- [DATA RECORDS]:
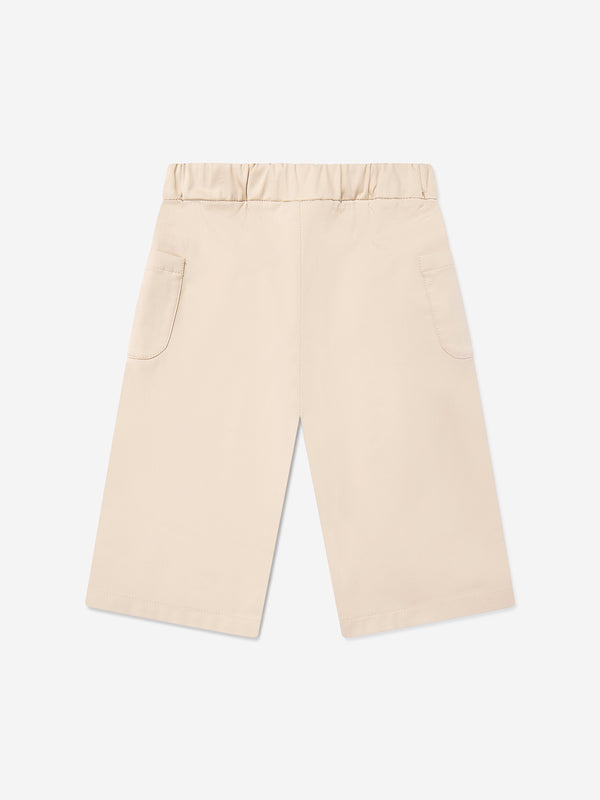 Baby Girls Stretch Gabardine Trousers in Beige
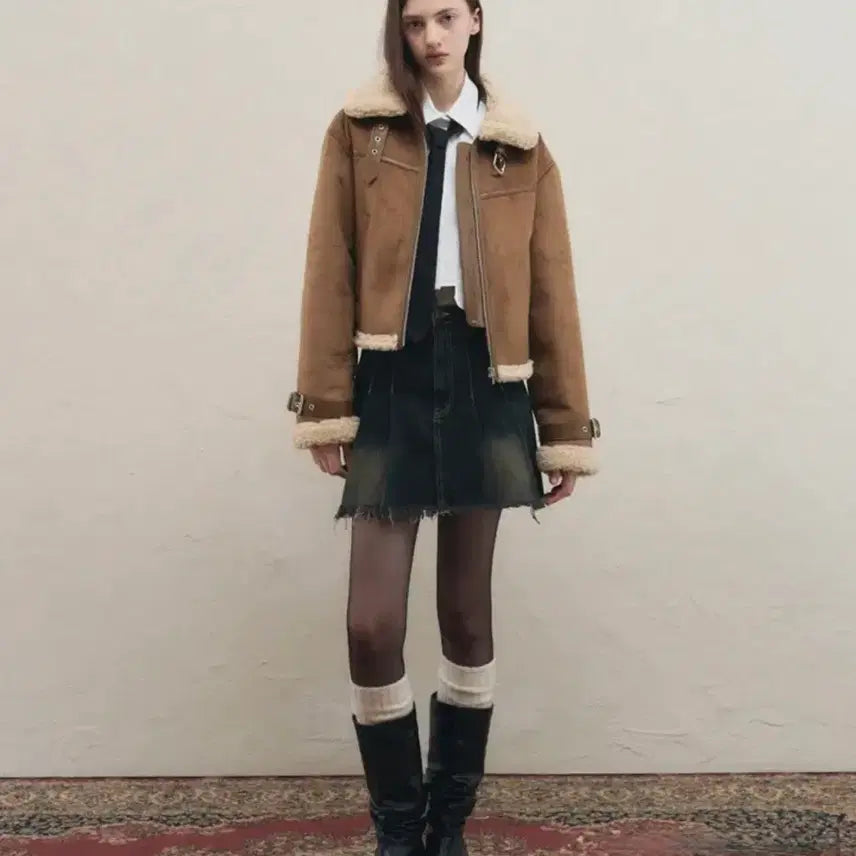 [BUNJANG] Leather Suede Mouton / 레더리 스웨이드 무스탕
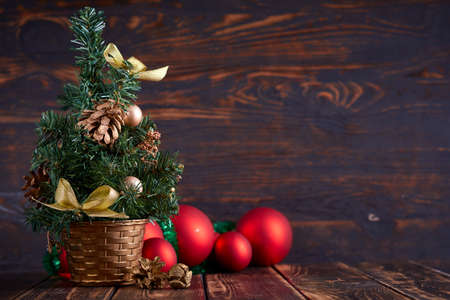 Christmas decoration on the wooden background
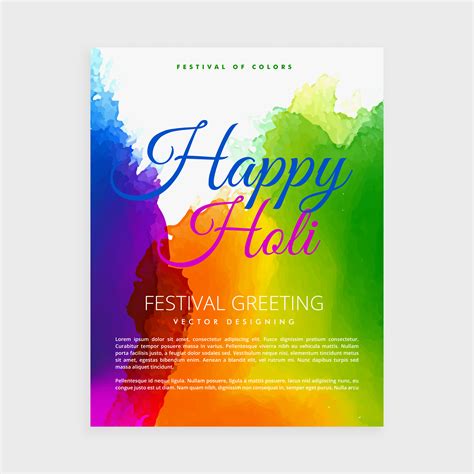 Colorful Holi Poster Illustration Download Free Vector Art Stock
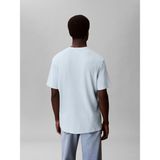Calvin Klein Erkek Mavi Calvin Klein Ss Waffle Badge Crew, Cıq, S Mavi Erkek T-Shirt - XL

- [EXERCISE AIM]: When copying the records, reproduce every entry exactly and omit all pictures.

- [ANSWER TO THE PROBLEM]:
 Baby Girls Stretch Gabardine Trousers in Beige
 [BUNJANG] Leather Suede Mouton / 레더리 스웨이드 무스탕
 Christmas decoration on the wooden background
 Colorful Holi Poster Illustration Download Free Vector Art Stock
Calvin Klein Erkek Mavi Calvin Klein Ss Waffle Badge Crew, Cıq, S Mavi Erkek T-Shirt - XL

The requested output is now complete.